LINEN TOWELS embroidered in cross-stitch. Pennsylvania Dutch early nineteenth century.

These things seem to fairly exhale gentility, that quality-compact of everything superior in the life of early American womanhood. I have especially in mind one cushion where flowers, apparently as fresh in color as when the cushion was young, are laid upon a ground of silk of the pinky-ash color, once known as "ashes of roses." The real charm of the thing, that which lends it a tender romance, is the legend worked upon the back of the cushion in brown silk stitches which are easily mistaken for the round-hand copperplate writing of the period—"Wrought where the peaceful Lehi flows." One seems to breathe the very air of the secluded valley, peopled by brethren and sisters set apart from the strenuous duties of the builders of a new nation, and distinguished for learned and devoted effort toward the perfection of moral, and spiritual, rather than the conquests of material, life.

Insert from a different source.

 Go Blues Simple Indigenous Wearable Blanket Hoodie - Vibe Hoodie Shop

The Sisters had many orders from the outside world, as well as from visitors, and the profit upon these helped to maintain the school. Many of these orders were in the shape of pocketbooks, pincushions, bags, etc., having a bunch, or wreath, or cluster of flowers on one side, wonderfully wrought in silken flosses or sewing silks, and on the other, some pretty sentiment or legend done in dark brown floss in the most perfect of "round-hand"; so perfect, in fact, that it would require the closest scrutiny to decide that it was not handwritten script.

These plentiful orders for things were induced by the several attractions of the situation, the remoteness from warlike and political disturbances, and the relationship of so many young girl lives, as well as the interest which attached to the school and community, making a constant demand in the shape of small articles of use or luxury, decorated by the skillful fingers of the Sisters.

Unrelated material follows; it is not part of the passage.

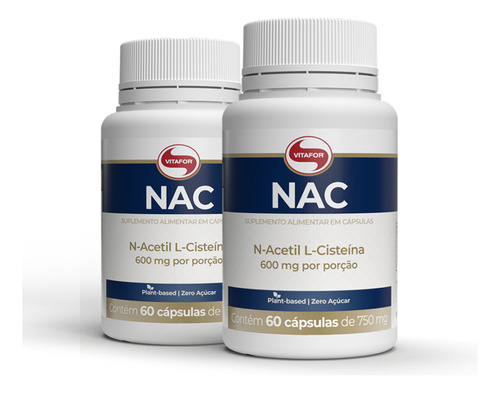 Kit 2 Nac N-acetil L-cisteína 600mg Vitafor 60 Cápsulas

Parallel with this fine practice of flower embroidery, was a period of far more important needlework, which we may call Picture Embroidery. This also owed its introduction to the Moravian School of Bethlehem, although it was probably of early English origin, going back to that period when English embroidery was the wonder of the world; and the opus plumarium, or feather-pen stitch, or tent stitch, or Kensington stitch, as it has been known in succeeding ages, first attracted attention as a medium of art.

Passing from England to Germany it became purely ecclesiastical, and even now one occasionally finds in Germany, and less often in England, bits of ecclesiastical embroidery of unimaginable fineness, commemorating Christ's miracles and other incidents of Bible history. I know of one small specimen of ancient English art, covering a space of five by seven inches, where the whole Garden of Eden with its weighty tragedy is represented by inch-long figures of Adam and Eve, and a man-headed snake, discussing amicably the advantages of eating or not eating the forbidden fruit.

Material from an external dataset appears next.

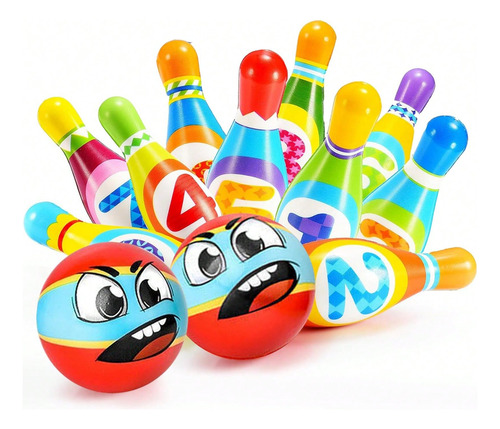 Juego De Boliche Infantil,kit Con 10 Bolos Y 2 Bolas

Such elaboration in miniature embroidery made good the claim of English needlework to its first place in the world, since nothing more wonderful had or has been produced in the whole long history of needlework art. It was undoubtedly from this school, filtered through generations of secular practice, that the Moravian picture embroidery came to be a general American inheritance.

To adapt this wonderful method to the uses of social life was an admirable achievement, and whether by the sisters of the Moravian school, or the growth of pre-American influence and time, we do not certainly know, the fact remains, however, that it was here so cunningly adapted to the circumstances and spirit of colonial and early American days as to seem to belong entirely to them, and it would seem quite clear that Bethlehem was the source of the most skillful needlework art in America. It was there that the fine ladies of the late eighteenth and early nineteenth centuries, who sat at the embroidery frame in the intervals when they were not "sitting at the harp," acquired their skill.

It was the romantic period of embroidery that makes a very telling contrast to the earlier crewel and later muslin embroidery of the New England states. The pieces were seldom larger than eighteen or twenty inches square, the size probably governed by the width of the superb satin which was so often used as a background. Not invariably, however, for I have seen one or two pieces worked upon gray linen where the surface was entirely covered by stitchery, landscape, trees, and sky showing an unbroken surface of satiny texture. Pictures from Bible subjects are frequent, and these have the air of having been copied from prints; in fact, I have seen some where the print appears underneath the stitches, showing that it was used as a design. These Scripture pieces seem to have employed a lower degree of talent than those having original design, and were probably the somewhat perfunctory work of young girls whose interests were elsewhere. One picture which I have seen was treasured as a record of a very romantic elopement—the lover in the case, riding gayly away with his beloved sitting on a pillion behind him, and no witnesses to the deed but a small sister, standing at the gate of the homestead with outstretched hands and staring eyes.